Legislative Assembly for the ACT: 2001 Week 1 Hansard (15 February) . . Page.. 248 ..
MR HUMPHRIES (continuing):
Those companies have for most part made an investment of capital into the enterprise, presumably in proportion to those shareholdings, except that Actew's contribution is less than would be suggested by their shareholding because they have made an investment in kind through making available their wires and so forth and also through the investment of the intellectual property and the research already done on the project through such things as the Aranda rollout from the first stage of this proposal.
Mr Osborne also asked me about whether the TransACT fibre-optic technology was the most contemporary leading edge technology to use in this setting. My advice is that it certainly is. The alternative apparently is WAP technology, which is okay for use inside buildings, offices and smaller areas but it gets into problems when large buildings and trees and so on get in the way. Of course, in the bush capital that is quite likely to happen.

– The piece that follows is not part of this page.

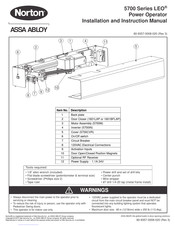 Assa Abloy Norton LEO 5700 Series Installation And Instruction Manual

TransACT engineers investigated using WAP in fact before the network was built but discovered there are too many inherent problems at present. High-tech companies in the US and Europe have found the same thing and are also building networks using fibre-optic technology. WAP technology can be connected to the broadband network. It works very well in some cases but it can also be very expensive. WAP technology is able to be connected to the TransACT network.
Fibre-optic networks like the one TransACT is building and WAP technology do complement each other and can be used together but WAP is not an effective way to connect a whole city and definitely not a whole region, state or country.
Mr Speaker, I am advised that NextGen has just raised $800 million to lay fibre-optic cable connecting the major capitals in Australia, including Canberra, from Perth to Brisbane. Companies like Leightons, which is one of the major backers of that enterprise, and Lucent Technologies, which is one of the world's largest high-tech companies-in fact, the largest research and development institution in the world-and which is providing much of TransACT's technology, would certainly not have invested that very large figure in superseded technology. Incidentally, WAP technology is wireless access protocol.
MR HUMPHRIES: Ms Tucker also asked me during question time about urban open space at Deakin. I can confirm that there is some urban open space close to the Croatian Deakin Soccer Club at Deakin. It is urban open space covering the Deakin anticline. That area will not be compromised in the development which has been proposed by the club. In fact, it is going to be enlarged in that proposal. The area that is being proposed to be varied is in fact restricted access recreation and it is not subject-
Ms Tucker: And public. Yes, I said that.
MR HUMPHRIES: Well, that is not classified under the Territory Plan as urban open space.
Ms Tucker: I know what you are saying. People think it is public land.